## WHAT TO WORK ON
Report the count of lines containing the word "item" in these records, with no other text.
*** DATA SUPPLIED Section Begins ***
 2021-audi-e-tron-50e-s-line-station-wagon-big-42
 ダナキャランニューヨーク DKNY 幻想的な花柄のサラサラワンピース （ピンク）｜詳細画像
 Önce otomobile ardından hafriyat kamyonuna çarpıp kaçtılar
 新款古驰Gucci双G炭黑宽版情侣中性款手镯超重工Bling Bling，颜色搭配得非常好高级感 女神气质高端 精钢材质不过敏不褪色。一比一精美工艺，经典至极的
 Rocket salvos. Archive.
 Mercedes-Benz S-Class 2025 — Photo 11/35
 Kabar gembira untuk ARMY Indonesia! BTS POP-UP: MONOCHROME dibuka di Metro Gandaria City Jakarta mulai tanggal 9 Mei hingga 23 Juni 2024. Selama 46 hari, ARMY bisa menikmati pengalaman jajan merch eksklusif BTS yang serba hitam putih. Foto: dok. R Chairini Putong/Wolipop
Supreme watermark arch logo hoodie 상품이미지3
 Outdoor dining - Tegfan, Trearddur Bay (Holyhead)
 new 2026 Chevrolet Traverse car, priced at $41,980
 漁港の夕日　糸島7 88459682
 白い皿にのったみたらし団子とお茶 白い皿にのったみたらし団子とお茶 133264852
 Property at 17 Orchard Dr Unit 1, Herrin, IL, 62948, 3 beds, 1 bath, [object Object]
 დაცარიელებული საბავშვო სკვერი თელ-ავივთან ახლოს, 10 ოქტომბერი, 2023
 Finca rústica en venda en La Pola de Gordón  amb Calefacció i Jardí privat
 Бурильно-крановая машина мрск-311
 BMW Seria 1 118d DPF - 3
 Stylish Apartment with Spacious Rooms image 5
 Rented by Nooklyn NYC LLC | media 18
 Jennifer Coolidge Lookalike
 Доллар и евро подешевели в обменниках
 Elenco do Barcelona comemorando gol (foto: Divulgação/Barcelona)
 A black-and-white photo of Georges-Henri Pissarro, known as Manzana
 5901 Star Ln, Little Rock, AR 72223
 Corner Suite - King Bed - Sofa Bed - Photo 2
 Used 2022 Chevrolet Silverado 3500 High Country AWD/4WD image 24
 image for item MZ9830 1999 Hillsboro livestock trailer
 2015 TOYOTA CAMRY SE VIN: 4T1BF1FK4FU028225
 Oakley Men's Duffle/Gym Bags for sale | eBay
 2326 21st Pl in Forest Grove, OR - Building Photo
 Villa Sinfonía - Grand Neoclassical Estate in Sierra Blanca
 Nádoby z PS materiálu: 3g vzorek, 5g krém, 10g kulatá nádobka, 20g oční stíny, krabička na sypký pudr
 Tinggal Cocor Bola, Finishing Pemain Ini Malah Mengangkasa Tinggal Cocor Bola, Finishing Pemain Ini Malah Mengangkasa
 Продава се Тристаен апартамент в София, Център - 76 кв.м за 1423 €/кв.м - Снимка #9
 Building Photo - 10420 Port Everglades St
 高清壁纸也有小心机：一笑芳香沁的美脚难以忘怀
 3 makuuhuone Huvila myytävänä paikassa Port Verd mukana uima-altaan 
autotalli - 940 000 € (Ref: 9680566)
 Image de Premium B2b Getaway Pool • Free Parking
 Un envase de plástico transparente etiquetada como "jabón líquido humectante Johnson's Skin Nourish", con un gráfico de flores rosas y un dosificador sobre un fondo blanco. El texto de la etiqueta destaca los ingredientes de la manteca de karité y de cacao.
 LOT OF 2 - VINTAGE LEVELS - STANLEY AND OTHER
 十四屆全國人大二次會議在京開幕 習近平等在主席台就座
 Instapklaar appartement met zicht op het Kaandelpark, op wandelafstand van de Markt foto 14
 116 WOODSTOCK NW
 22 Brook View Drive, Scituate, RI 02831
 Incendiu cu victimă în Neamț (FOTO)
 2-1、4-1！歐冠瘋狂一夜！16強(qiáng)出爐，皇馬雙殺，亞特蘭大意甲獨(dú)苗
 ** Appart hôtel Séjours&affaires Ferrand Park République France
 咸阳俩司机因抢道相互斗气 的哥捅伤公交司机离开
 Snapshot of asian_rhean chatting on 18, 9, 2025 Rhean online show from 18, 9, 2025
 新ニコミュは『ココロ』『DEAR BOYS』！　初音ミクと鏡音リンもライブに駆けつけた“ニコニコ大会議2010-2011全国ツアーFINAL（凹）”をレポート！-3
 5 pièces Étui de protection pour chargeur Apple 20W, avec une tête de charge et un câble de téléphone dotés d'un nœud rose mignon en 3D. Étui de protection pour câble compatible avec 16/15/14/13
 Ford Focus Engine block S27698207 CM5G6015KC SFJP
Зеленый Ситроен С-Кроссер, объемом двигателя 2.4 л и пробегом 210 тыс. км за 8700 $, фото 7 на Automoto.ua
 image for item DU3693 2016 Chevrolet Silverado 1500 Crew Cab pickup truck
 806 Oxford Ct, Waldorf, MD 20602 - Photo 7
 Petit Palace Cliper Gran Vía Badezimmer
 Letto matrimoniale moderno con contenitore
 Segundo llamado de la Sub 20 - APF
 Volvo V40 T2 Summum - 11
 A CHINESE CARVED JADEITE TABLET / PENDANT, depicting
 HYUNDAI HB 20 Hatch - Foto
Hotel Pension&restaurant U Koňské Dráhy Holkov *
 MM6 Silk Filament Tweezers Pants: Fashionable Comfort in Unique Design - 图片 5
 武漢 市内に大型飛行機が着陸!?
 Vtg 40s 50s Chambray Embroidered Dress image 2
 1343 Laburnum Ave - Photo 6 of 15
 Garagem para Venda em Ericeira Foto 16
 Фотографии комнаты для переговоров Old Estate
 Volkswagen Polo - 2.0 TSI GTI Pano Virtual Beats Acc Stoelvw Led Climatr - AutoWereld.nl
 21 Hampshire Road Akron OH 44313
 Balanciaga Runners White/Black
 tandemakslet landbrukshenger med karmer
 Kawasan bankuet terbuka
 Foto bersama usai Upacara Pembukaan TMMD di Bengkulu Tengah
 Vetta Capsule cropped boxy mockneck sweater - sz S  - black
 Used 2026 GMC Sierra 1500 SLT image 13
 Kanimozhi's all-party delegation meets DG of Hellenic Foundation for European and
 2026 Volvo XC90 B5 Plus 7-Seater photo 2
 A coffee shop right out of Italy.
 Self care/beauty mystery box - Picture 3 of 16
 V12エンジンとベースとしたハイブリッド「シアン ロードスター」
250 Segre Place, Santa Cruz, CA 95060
*** DATA SUPPLIED Section Ends ***
## ANSWER BOX
2